Guided tours are efficient but they are costly, however if you research in advance, you can book Machu Picchu without forking out for a guided tour.

1. Book your train tickets well in advance

This is going to be the most expensive part. Most people start their adventure to Machu Picchu in Cusco however the main train station is a 90 minute drive away in Ollyantaytambo. It is very easy to get a cheap shared transfer there and back.

It’s important to decide which train company you want to go with and what you are willing to pay. You can splurge all out with some companies, but we went with PeruRail, which still set us back nearly £200pp for a return ticket! Luckily we got an economy comfort ticket which included food/drink and a glass roof to soak in all the scenery.
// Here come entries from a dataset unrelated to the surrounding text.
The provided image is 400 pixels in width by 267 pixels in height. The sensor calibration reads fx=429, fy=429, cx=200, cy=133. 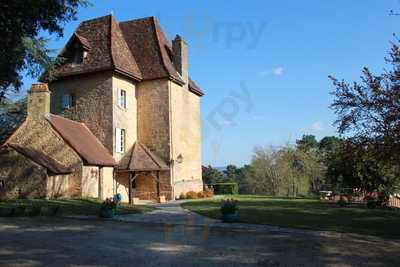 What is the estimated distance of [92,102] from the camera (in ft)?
94.1

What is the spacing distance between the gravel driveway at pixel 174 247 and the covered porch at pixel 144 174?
44.8 ft

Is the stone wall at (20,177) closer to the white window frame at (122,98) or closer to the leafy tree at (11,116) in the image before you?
the white window frame at (122,98)

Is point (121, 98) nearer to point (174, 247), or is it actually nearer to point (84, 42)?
point (84, 42)

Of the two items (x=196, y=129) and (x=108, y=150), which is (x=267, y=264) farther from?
(x=196, y=129)

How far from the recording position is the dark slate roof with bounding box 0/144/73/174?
22562 millimetres

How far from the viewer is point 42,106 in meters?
24.7

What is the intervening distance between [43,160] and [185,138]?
39.2ft

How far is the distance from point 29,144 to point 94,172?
3.98m

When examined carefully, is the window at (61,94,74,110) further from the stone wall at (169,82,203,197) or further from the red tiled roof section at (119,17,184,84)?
the stone wall at (169,82,203,197)

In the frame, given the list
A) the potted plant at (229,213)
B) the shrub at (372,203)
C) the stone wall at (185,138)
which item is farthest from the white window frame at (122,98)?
the shrub at (372,203)

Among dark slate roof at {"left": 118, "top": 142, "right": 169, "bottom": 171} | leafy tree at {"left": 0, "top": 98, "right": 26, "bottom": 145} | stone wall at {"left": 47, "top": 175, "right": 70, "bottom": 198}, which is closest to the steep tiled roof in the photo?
dark slate roof at {"left": 118, "top": 142, "right": 169, "bottom": 171}

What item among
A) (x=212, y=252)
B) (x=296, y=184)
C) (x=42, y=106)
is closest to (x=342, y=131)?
(x=212, y=252)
The return train went to Poroy station, which is only a 30 minute taxi-ride to Cusco, which was a relief as Ollyantaytambo is much further.

Note: there are multi-day hiking opportunities to get there as well if that’s up your street.

2. Book your Machu Picchu entry tickets through the official website also well in advance

There is only one official website to buy tickets. There is a limited number of tickets to enter Machu Picchu each day. Choose either to go in the morning or the afternoon. You can buy tickets when you get to Cusco, but it is worth to have this organised so not to disappoint.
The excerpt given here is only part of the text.